Previous section.

Protocols for Interworking: XNFS, Version 3W
Copyright © 1998 The Open Group

XDR Protocol Specification

This chapter specifies a protocol that is used by many implementors of XNFS. It is derived from a document designated RFC 1014 by the ARPA Network Information Centre (see References to RFCs ).

This chapter includes only the subset of XDR that is required to define the XNFS protocols.

Introduction

XDR is a standard for the description and encoding of data. It is useful for transferring data between different computer architectures, and has been used to communicate data between many diverse machines. XDR fits into the ISO presentation layer, and is roughly analogous in purpose to X.209 (previously X.409), ISO Abstract Syntax Notation. The major difference between these two is that XDR uses implicit typing, while X.209 uses explicit typing.

XDR uses a language to describe data formats. The language can only be used to describe data; it is not a programming language.
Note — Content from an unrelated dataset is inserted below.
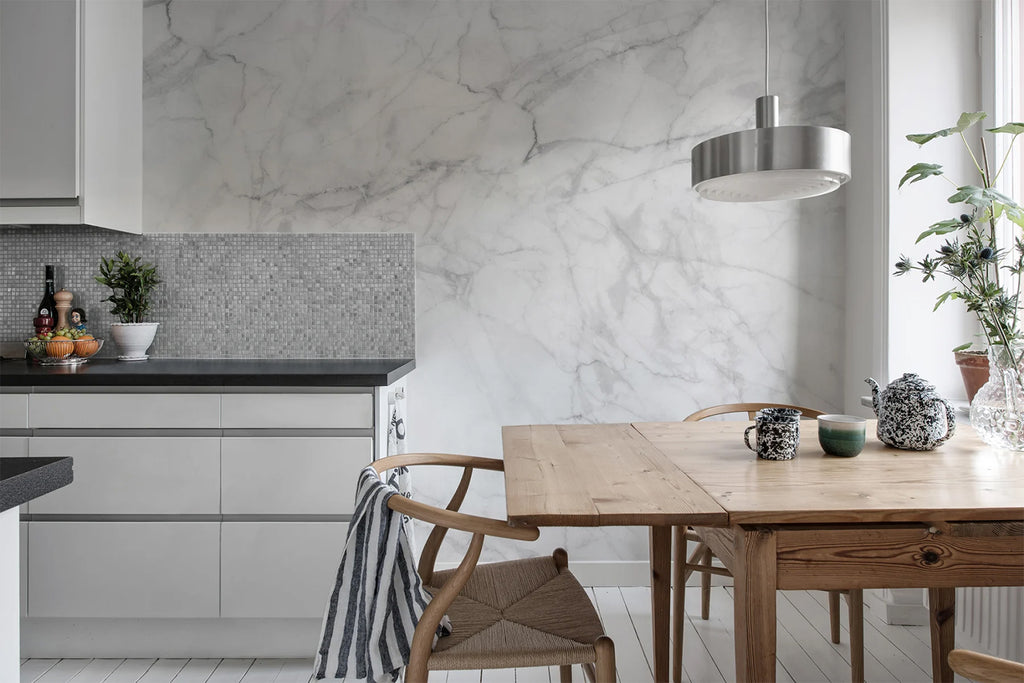 Marble Art, Texture Wallpaper featured on a wall of a kitchen and dining area with wooden dining table and chair with granite grey countertop finish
This language allows description of intricate data formats in a concise manner. The alternative of using graphical representations (itself an informal language) quickly becomes incomprehensible when faced with complexity. The XDR language itself is similar to the C language as defined in the C Programming Language, just as Courier, as defined in Courier: The Remote Procedure Call Protocol is similar to Mesa. Protocols such as RPC (Remote Procedure Call) and the NFS (Network File System) use XDR to describe the format of their data.
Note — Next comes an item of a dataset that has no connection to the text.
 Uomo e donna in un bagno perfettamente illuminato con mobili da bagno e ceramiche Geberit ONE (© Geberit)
The XDR standard assumes that bytes (or octets) are portable (see Byte Encoding ). A data-description language is used to define XDR rather than diagrams, as languages are more formal than diagrams and lead to less ambiguous descriptions of data. There is also a close analogy between the types of XDR and a high-level language such as C or Pascal. This makes the implementation of XDR encoding and decoding modules an easier task.

A Canonical Standard

XDR's approach to standardising data representations is canonical. That is, XDR defines a single byte order (big-endian, as described in On Holy Wars and a Plea for Peace, a single floating-point representation (IEEE), and so on. Any program running on any machine can use XDR to create portable data by translating its local representation to the XDR standard representations; similarly, any program running on any machine can read portable data by translating the XDR standard representations to its local equivalents. The single standard completely decouples programs that create or send portable data from those that use or receive portable data. The advent of a new machine or a new language has no effect upon the community of existing portable data creators and users.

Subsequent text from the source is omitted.